Er sieht im Kolorismus eine Art Durchgangsstadium, das zu einer durch gründliches Naturstudium besser fundierten neuen emotional ausdrucks­starken Landschaftsmalerei führen soll. In seinen Argumentationen gegen den Kolorismus verbindet sich immer wieder die Klage über das Fehlen der Stimmung mit dem Vorwurf eines übertriebenen Naturalis­mus, der Beschränkung auf die Wiedergabe bloßer Naturwahrheit. Das erschien ihm in der Landschaftsmalerei gleichbedeutend mit Gefühls­armut, Häßlichkeit, und damit entbehrte sie für ihn des eigentlichen künstlerischen Wertes. Das Erfassen und die Wiedergabe emotionaler Werte war für Fontane ein letztlich unentbehrliches Kriterium qualität- voller Landschaftsmalerei. Der Verzicht darauf kam für ihn dem Ver­zicht auf die künstlerische Verklärung gleich und damit der Absage an die Schönheit und künstlerische Wahrheit.

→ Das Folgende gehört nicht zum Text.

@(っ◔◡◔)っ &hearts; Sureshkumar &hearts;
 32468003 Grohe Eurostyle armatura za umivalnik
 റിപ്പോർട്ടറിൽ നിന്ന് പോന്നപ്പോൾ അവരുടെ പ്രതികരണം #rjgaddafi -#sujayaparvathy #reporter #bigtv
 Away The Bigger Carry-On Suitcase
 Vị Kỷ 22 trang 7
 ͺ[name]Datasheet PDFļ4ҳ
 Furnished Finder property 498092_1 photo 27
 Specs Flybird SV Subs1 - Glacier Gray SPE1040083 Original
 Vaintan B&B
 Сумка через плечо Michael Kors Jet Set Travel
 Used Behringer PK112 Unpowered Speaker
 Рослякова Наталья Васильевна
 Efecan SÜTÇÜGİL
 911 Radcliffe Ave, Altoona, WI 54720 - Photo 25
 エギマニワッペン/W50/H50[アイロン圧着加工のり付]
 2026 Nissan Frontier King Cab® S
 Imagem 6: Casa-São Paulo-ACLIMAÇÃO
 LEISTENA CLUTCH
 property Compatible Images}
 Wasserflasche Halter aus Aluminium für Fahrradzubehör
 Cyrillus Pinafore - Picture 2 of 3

Er hoffte deshalb, daß dieses koloristische Durchgangsstadium bald überwunden wird. Zu Schirmers biblischen Landschaften schreibt er: Die Teilnahme, die diese Schirmerschen Landschaften wecken, erscheint uns als ein bemerkenswertes Zeichen. Wenn wir es deuten dürfen, so heißt es: die Tage der Koloristen sind gezählt. Sie haben ihre Mission nahezu erfüllt. Diese Mission, zusammenfallend mit dem Realismus [gemeint Naturalismus] in der Kunst überhaupt, war wichtig, war uner­läßlich; aber sie war schwerlich letztes Ziel. 64

Fontanes Ausstellungsbesprechungen aus den siebziger Jahren sind allgemein und auch was die Landschaftsmalerei angeht weniger ergiebig. Sie sind, von Ausnahmen abgesehen, kürzer und man spürt ihnen an, daß Fontane Ludwig Pietsch, zu dessen Ressort die Ausstellungskritiken gehörten, nur gelegentlich vertrat.